Foreign Exchange Forwards
We are exposed to movements in the exchange rates of USD to the functional currencies of our operating segments related to contractual payments under dollar-denominated agreements. To reduce this exposure, we may decide to enter into forward foreign exchange contracts. We had no such agreements outstanding during the period ending June 30, 2020.
Cash Deposits
We may deposit cash in the global money markets with a range of bank counterparties and review the counterparties we choose regularly. The maximum period of deposit is three months, but we have more recently held amounts on deposit for shorter periods, up to one week. The credit rating of a bank is a critical factor in determining the size of cash deposits and we will only deposit cash with banks of investment grade rating. In addition, we also closely monitor the credit default swap spreads and other market information for each of the banks with which we consider depositing or have deposited funds.

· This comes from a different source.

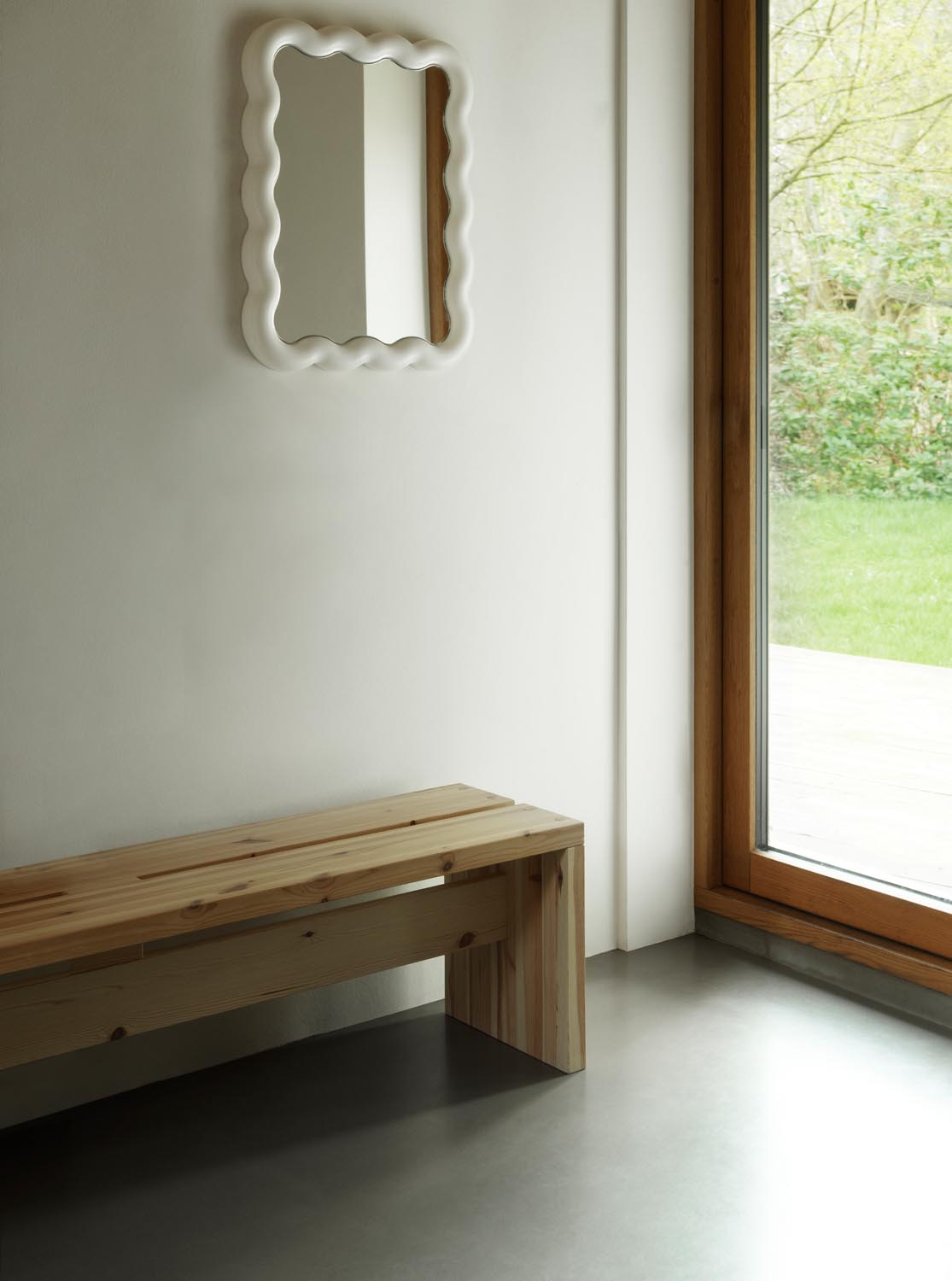 Illu Mirror 65 x 50 cm von Normann Copenhagen: Spiegel mit wellenförmigem Rahmen aus pulverbeschichtetem Stahl und Glasspiegelfläche.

IV (e) Off-Balance Sheet Arrangements
None.
V. Critical Accounting Policies and Estimates
Our accounting policies that have a material effect on our financial condition and results of operations are more fully described in Part II, Item 8 of our Annual Report on Form 10-K for the year ended December 31, 2019 filed with the Securities and Exchange Commission ("SEC") on February 6, 2020. The preparation of these financial statements requires us to make judgments in selecting appropriate assumptions for calculating financial estimates, which inherently contain some degree of uncertainty. We base our estimates on historical experience and on various other assumptions that we believe to be reasonable. Using these estimates, we make judgments about the carrying values of assets and liabilities and the reported amounts of revenues and expenses that are not readily apparent from other sources. Actual results may differ from these estimates under different assumptions or conditions.
We believe our critical accounting policies are as follows: program rights, goodwill and intangible assets, impairment or disposal of long-lived assets, revenue recognition, leases, income taxes, foreign exchange, determination of the fair value of financial instruments, and contingencies. These critical accounting policies affect our more significant judgments and estimates used in the preparation of our condensed consolidated financial statements. See Item 1, Note 2, "Basis of Presentation" for a discussion of accounting standards adopted in the period, and recently issued accounting standards not yet adopted.